* The task: Excluding pictures, what does the listing below contain from the line with "موقع أمريكي يكشف" up to and including the line with "BMW 3 Series", word for word?

* Data for this task:
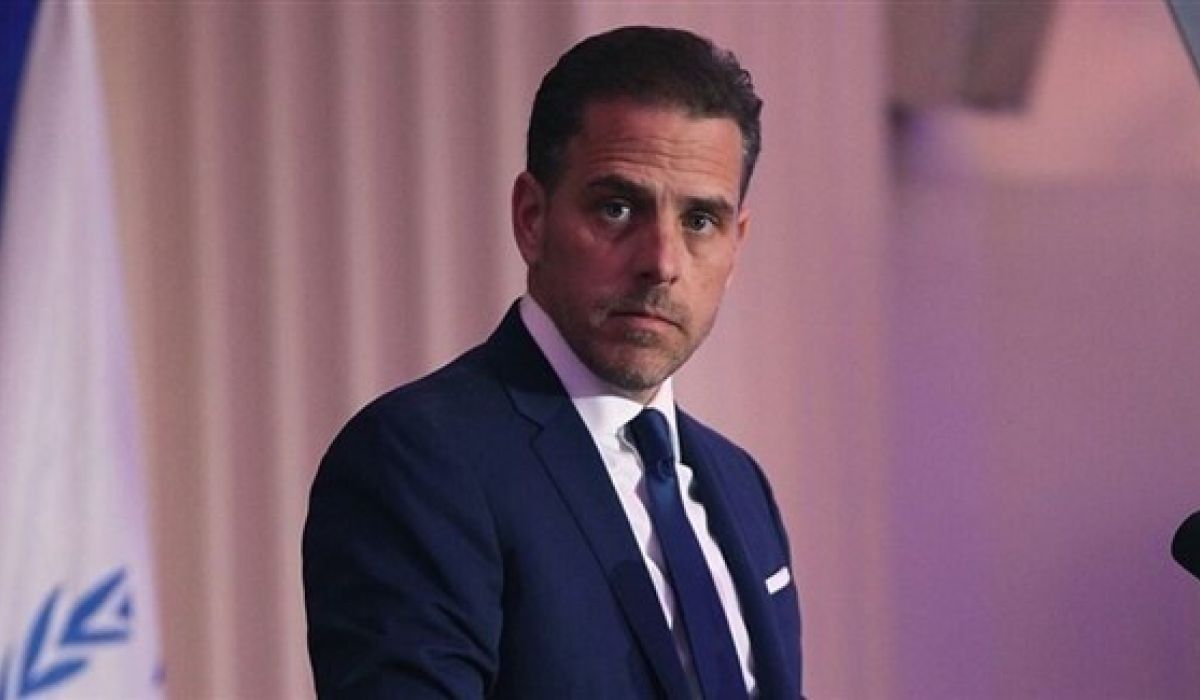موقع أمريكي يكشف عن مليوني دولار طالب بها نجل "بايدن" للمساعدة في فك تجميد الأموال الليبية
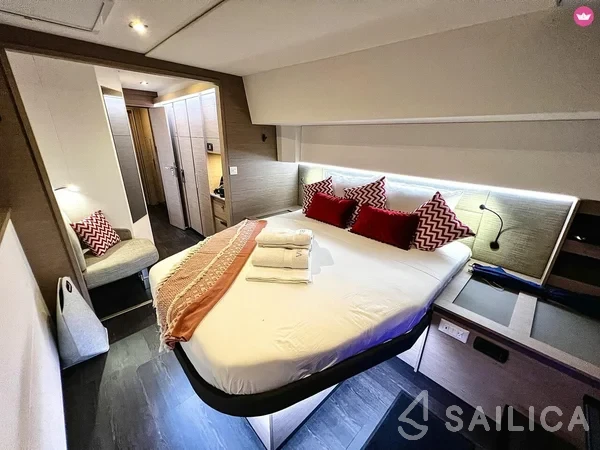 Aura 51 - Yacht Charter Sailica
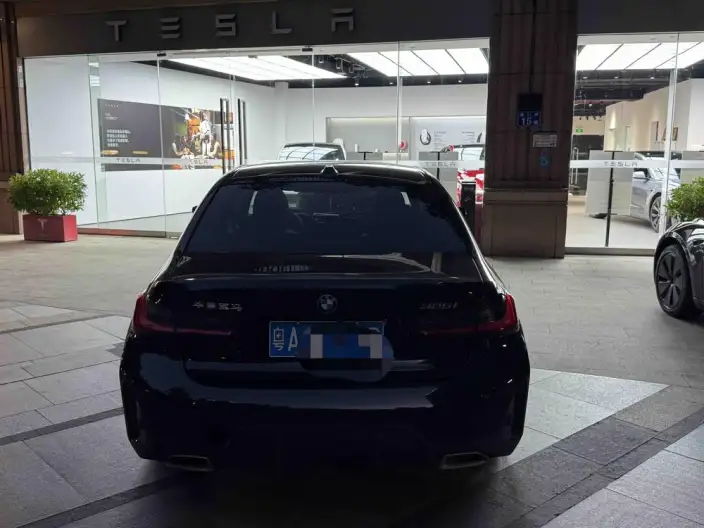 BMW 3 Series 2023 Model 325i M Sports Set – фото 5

==

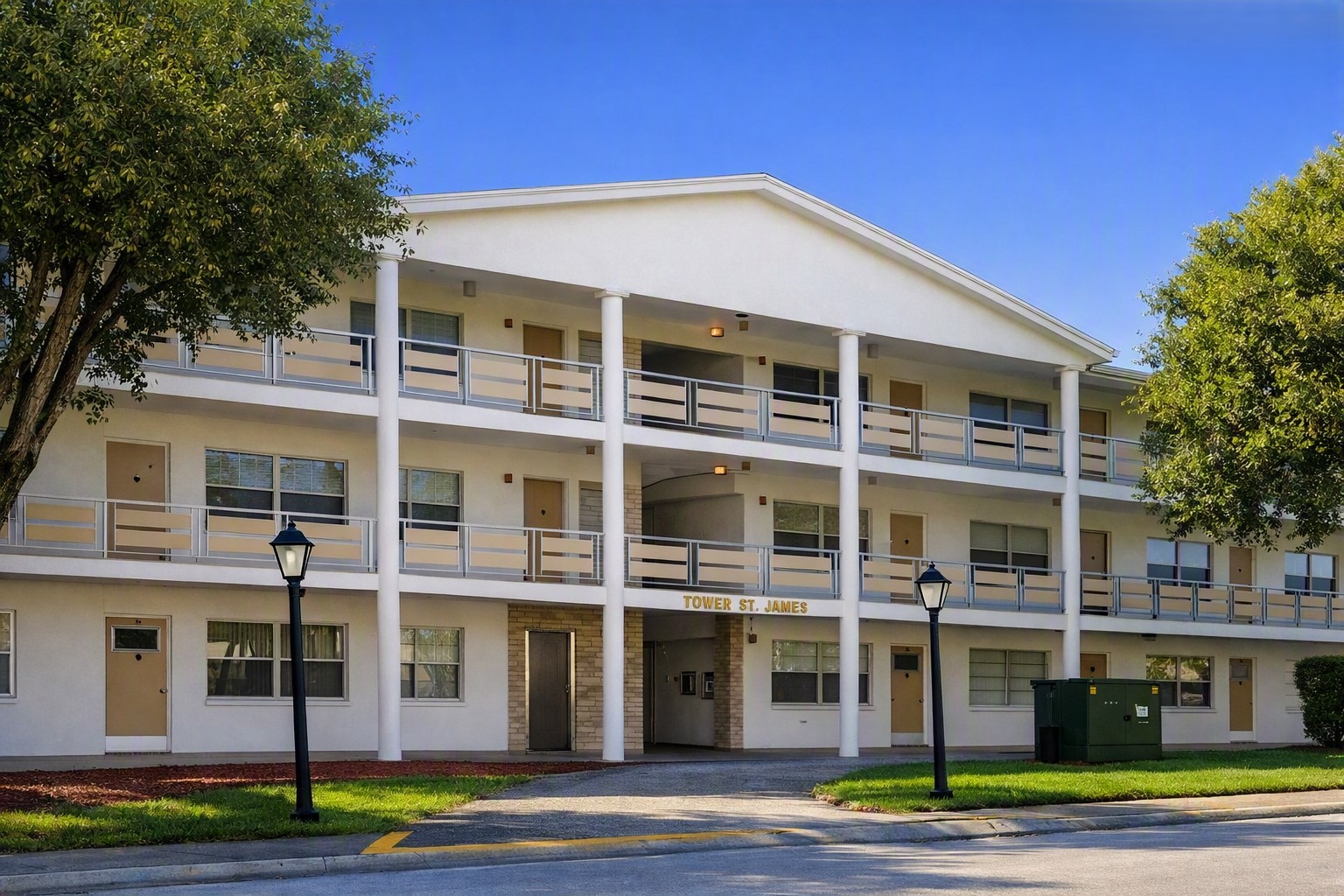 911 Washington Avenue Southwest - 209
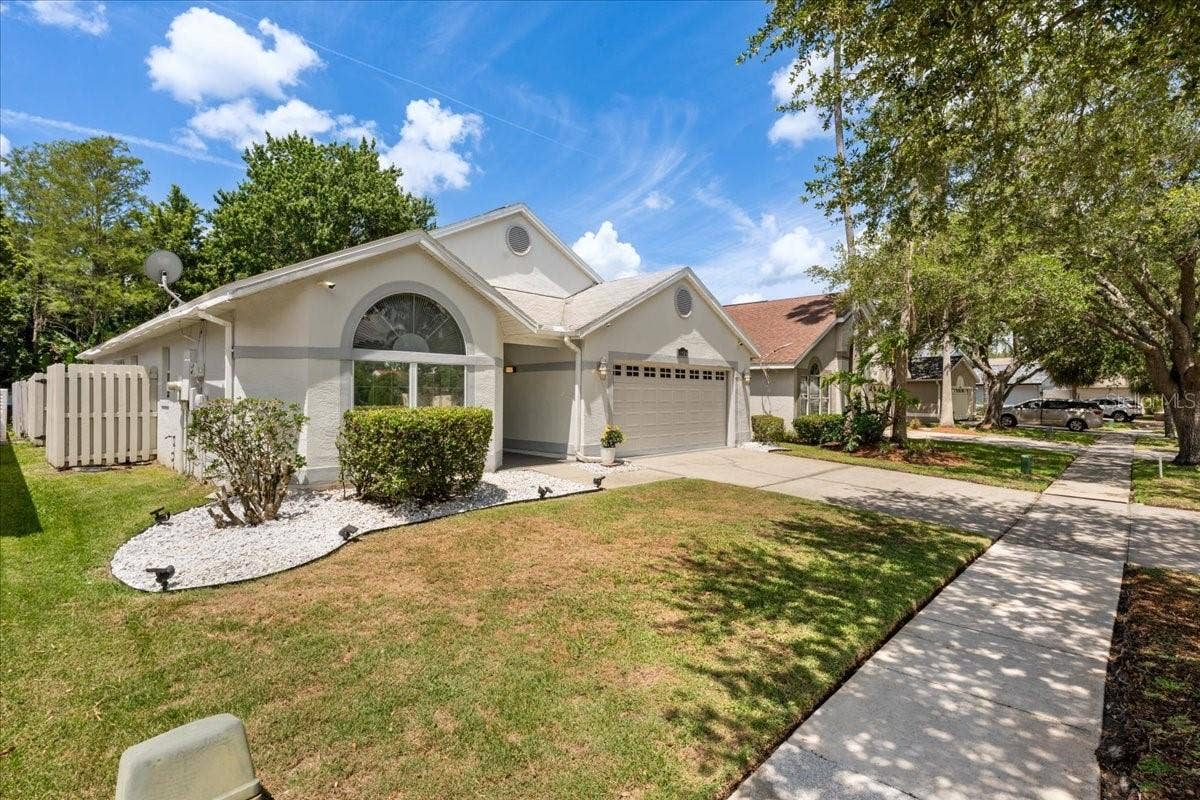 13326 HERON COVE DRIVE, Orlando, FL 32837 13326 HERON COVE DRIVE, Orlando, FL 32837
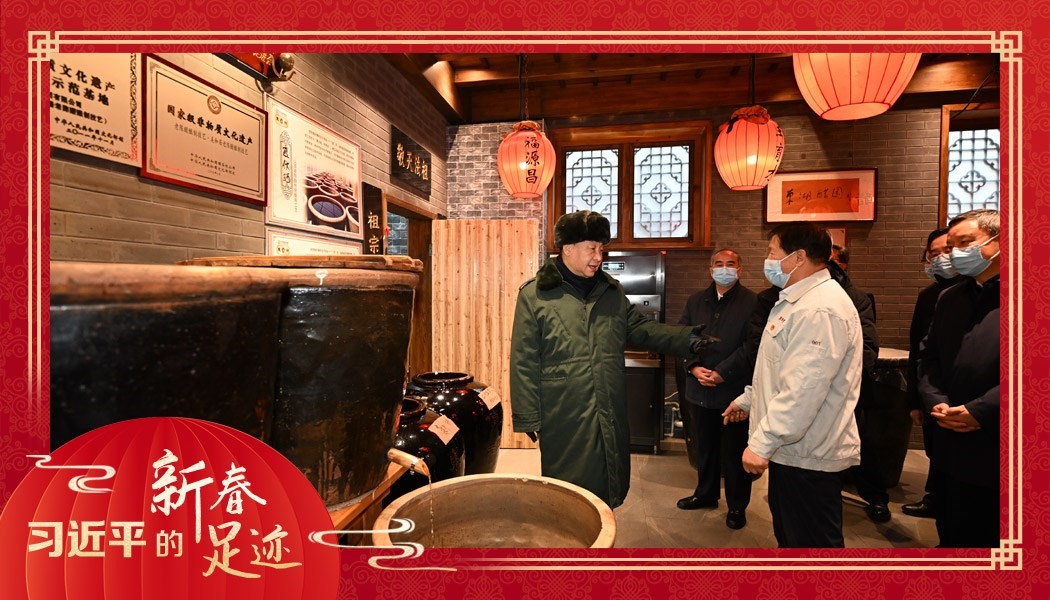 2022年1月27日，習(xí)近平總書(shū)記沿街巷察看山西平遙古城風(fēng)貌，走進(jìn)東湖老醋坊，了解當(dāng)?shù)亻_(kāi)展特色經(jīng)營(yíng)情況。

* Result of this exercise:
موقع أمريكي يكشف عن مليوني دولار طالب بها نجل "بايدن" للمساعدة في فك تجميد الأموال الليبية
 Aura 51 - Yacht Charter Sailica
 BMW 3 Series 2023 Model 325i M Sports Set – фото 5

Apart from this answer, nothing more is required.